Mountain Pine beetle:

a climate change catastrophe

 
 

Canada is being devoured.  Its enemy:  the Mountain Pine Beetle, an insect no larger than a grain of rice.  Aided by a changing climate, the beetle population has exploded over the past decade, leaving a wake of dead pine – some 14 million hectares (roughly twice the size of New Brunswick) - in its path.  The rapid and wide-ranging tree mortality will have significant environmental, economic, and social ramifications for generations to come.  It is the first large-scale ecology-altering event of the climate change century.
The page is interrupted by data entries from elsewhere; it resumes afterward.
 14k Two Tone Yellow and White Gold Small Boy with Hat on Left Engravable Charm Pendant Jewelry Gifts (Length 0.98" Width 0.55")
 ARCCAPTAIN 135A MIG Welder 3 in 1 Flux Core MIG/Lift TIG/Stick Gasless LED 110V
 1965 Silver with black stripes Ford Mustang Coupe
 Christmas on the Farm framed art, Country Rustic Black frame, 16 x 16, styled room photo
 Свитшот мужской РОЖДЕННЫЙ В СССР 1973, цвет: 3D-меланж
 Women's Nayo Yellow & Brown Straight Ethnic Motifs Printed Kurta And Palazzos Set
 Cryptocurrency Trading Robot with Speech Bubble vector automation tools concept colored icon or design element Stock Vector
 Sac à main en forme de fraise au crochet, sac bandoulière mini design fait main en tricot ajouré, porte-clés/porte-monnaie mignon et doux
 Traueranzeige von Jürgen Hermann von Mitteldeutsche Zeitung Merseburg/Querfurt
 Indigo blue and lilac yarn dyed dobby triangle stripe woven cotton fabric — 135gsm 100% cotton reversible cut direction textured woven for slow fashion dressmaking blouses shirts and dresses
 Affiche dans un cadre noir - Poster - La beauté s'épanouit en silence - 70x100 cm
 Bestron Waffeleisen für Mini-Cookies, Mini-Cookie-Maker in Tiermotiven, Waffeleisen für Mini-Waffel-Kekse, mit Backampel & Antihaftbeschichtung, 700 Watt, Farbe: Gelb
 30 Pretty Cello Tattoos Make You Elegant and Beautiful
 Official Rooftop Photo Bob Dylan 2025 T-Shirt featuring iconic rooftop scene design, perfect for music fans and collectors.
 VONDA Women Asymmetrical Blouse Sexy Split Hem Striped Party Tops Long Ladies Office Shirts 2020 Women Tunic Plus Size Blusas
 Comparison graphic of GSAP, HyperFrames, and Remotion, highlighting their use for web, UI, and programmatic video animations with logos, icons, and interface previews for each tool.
Lindsay Robles and his friends Sean Lavoy and Ben McGuire spent the Canadian winter traveling through the vast interior of British Columbia to capture this strange phenomenon.  With shocking aerial photography and insightful interviews with Canada’s foremost authorities on the subject, Mountain Pine Beetle: A Climate Change Catastrophe brings a warning to the world: climate change is real, it’s happening, and impacts are being felt today.  The short-length documentary had its international debut at the 2007 NUFF Global Climate Change Challenge in Tromsø, Norway from June 4-11, 2007.

 

Canada is being devoured...

“We always talk about looking after our children, doing what’s best for our children.  Yet it all seems like talk.  It’s time to start taking action - before it’s too late.”